Each week I compile a gaming industry insights newsletter that I share with other Rioters, including Riot’s senior leadership. This edition is the public version that I publish broadly every week as well. Opinions are mine.
November 29, 2018
6 Min Read
Kliuless? Gaming Industry ICYMI #13
Hi, my name is Kenny Liu, and I work in Revenue Strategy at Riot Games. Each week I compile a gaming industry insights newsletter that I share with other Rioters, including Riot’s senior leadership. This edition is the public version that I publish broadly every week as well. Opinions are mine.
See more or subscribe at: https://tinyletter.com/kliuless
Artifact: Pay-to-Win or Pay-to-Lose?
In most digital CCGs like Hearthstone, players have the freedom to choose to invest their money and/or time to unlock cards, but these cards have no extrinsic value outside of their respective games
Artifact's business model, however, is more reminiscent to that of physical CCGs, in which players have no other option but to invest money to unlock cards, but these cards can be sold on a secondary market (Steam Marketplace) for credit that can be broadly applied to purchase anything (on Steam)
Why does Artifact's business model feel so bad for players?
Valve is swimming against the current of player expectations for the digital CCG market.
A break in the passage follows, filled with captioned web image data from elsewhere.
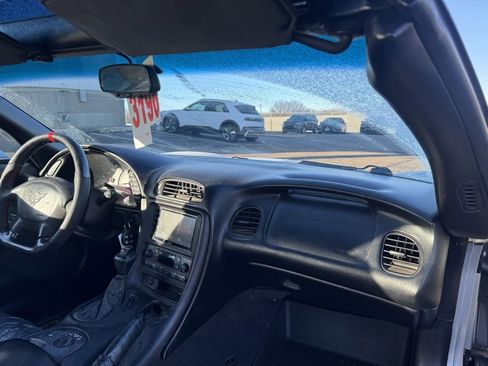 Used 1997 Chevrolet Corvette Coupe w/ Memory Pkg image 9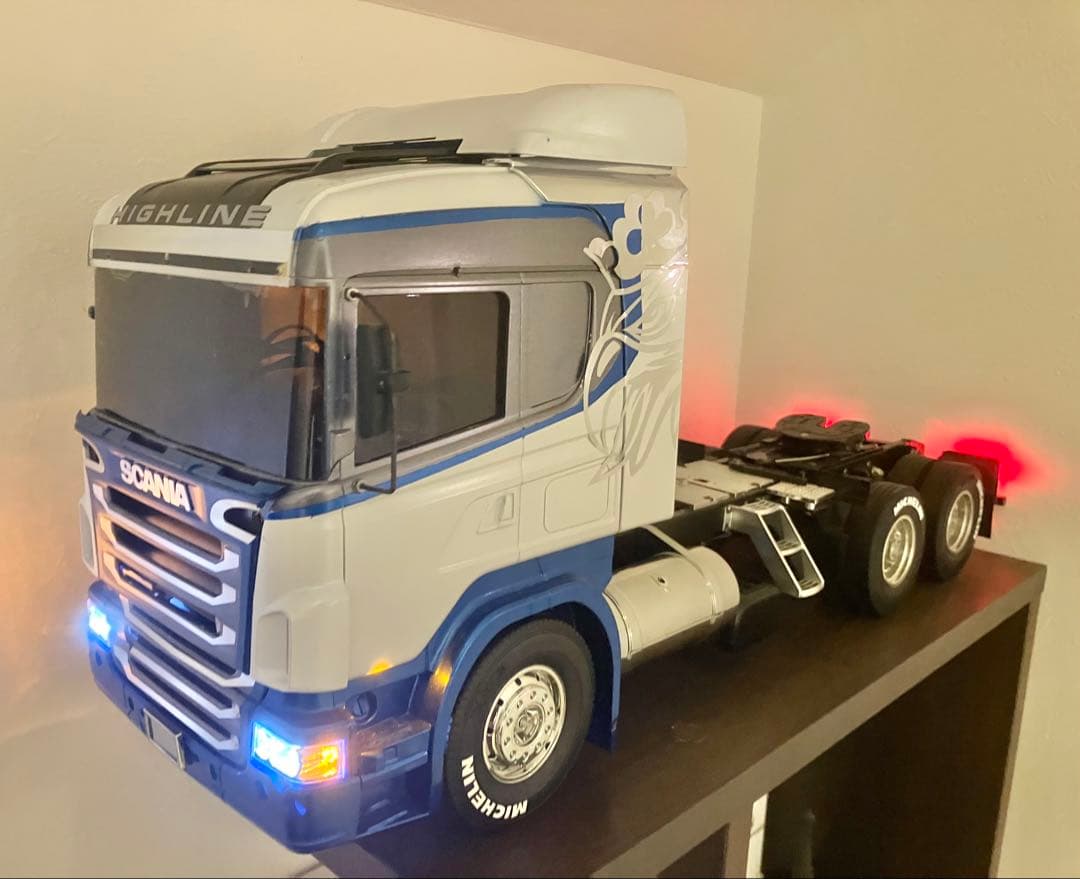 タミヤ 1/14フォードエアロマックス→スカニアスワップ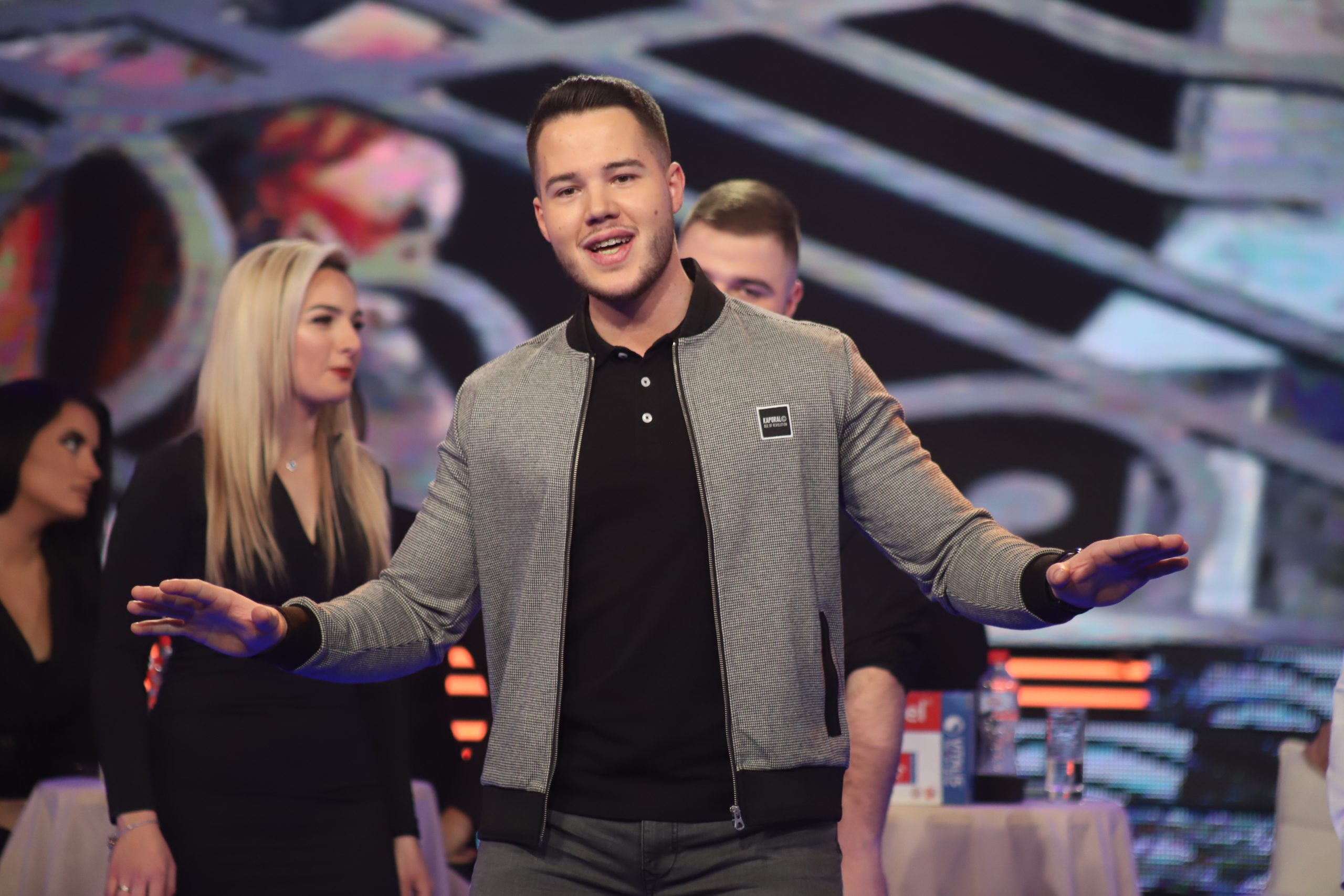 "Kupio sam ga pošteno i časno" Ibro Bublin častio sebe luksuznom mašinom, evo koga je prvo provozao: "Zaslužio je" 5 ibro bublin 35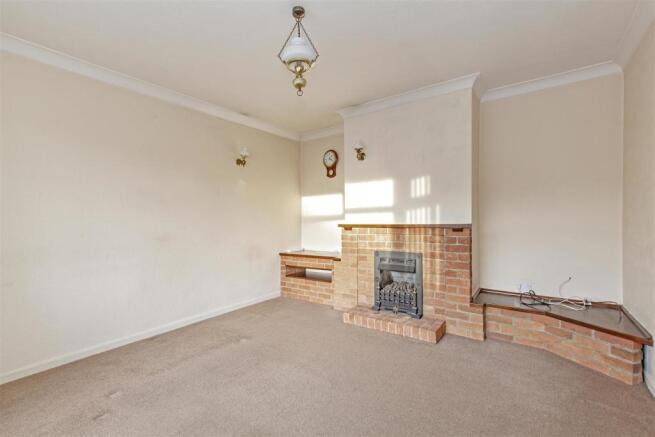 Reception Room-1.jpg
Even Magic: The Gathering, which had for a long time held back from going true free-to-play for its digital products, finally adopted a Hearthstone-like model with its newest entrant Arena. Thanks to market-set player expectations, boxed product games have not been able to break the $60 price ceiling for years, and a similar logic applies here as well for free-to-play games and their associated genres
Valve takes a 15% cut of all Artifact transactions on the Steam Marketplace. To add insult to injury, taking 100% of primary market revenues is not enough, so Valve also levies an additional 15% tax on all secondary market sales. (While Valve also does this for its other games, Artifact is unique in that it contains no free in-game drops)
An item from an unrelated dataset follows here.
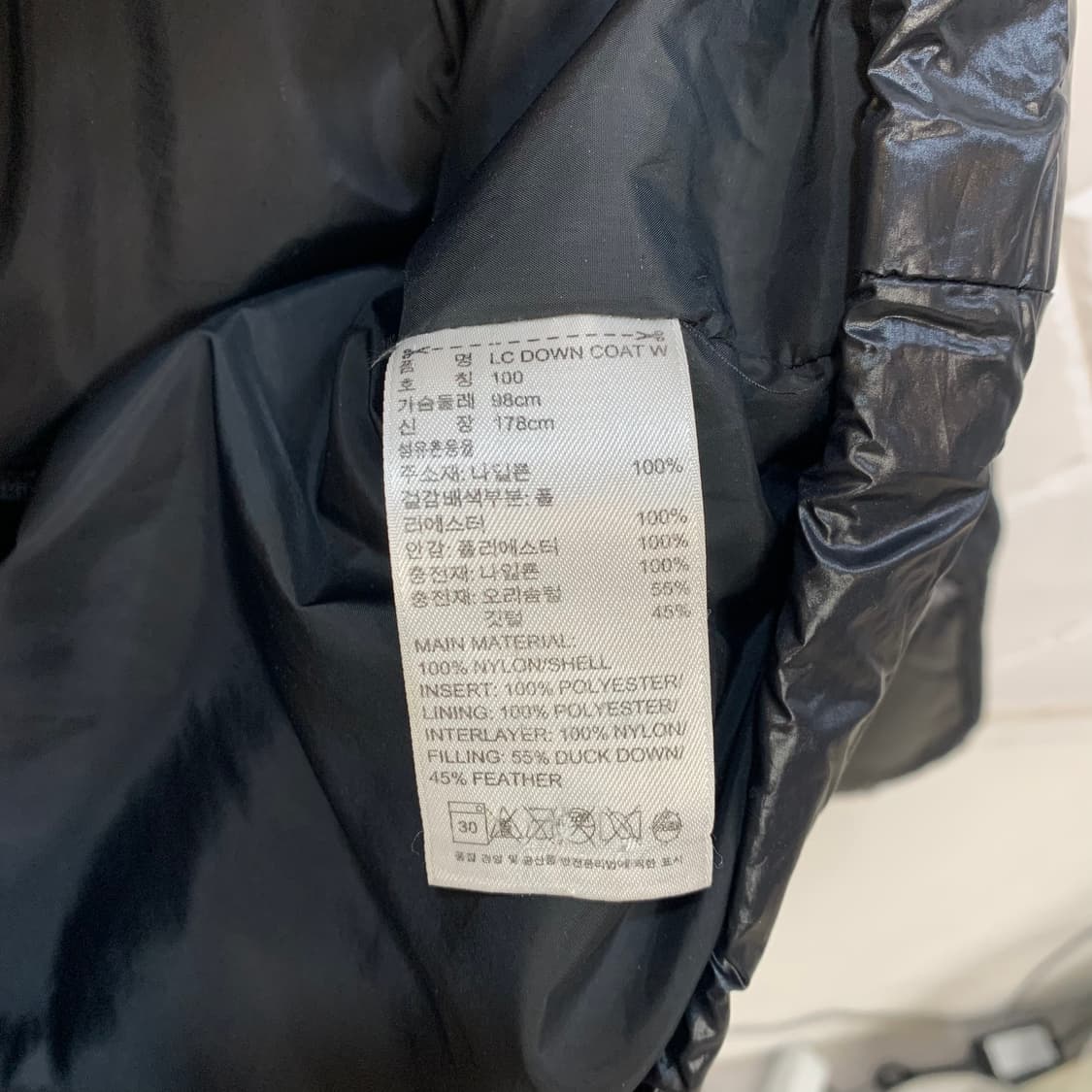 아디다스 덕다운 올블랙 투웨이 유광 패딩 점퍼 상품이미지6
Even if we suppose the average player spend between Hearthstone and Artifact (net of secondary market sales) is comparable, psychologically the holistic monetization experience in the latter would likely feel much worse. Taking a page out of Kahneman's Thinking Fast and Slow to help explain, humans have two modes of thought: "System 1" is fast, instinctive and emotional; "System 2" is slower, more deliberative, and more logical. With entertainment products like games and in-game content, the purchase "impulse" (as opposed to "decision") is usually activated by our System 1 part of the brain. In fact, by asking players to instead turn on their System 2 brain each time they make a transaction, this alone may kill their original hype that would have otherwise been enough to drive them towards discretionary spend. Players no longer just think, "Oh wow, I really want that legendary card," and instead question themselves, "What's the expected value of this pack? Is this legendary card really worth its current market price? Do I buy packs or do I buy individual cards? Do I buy/sell these cards now or wait until later?"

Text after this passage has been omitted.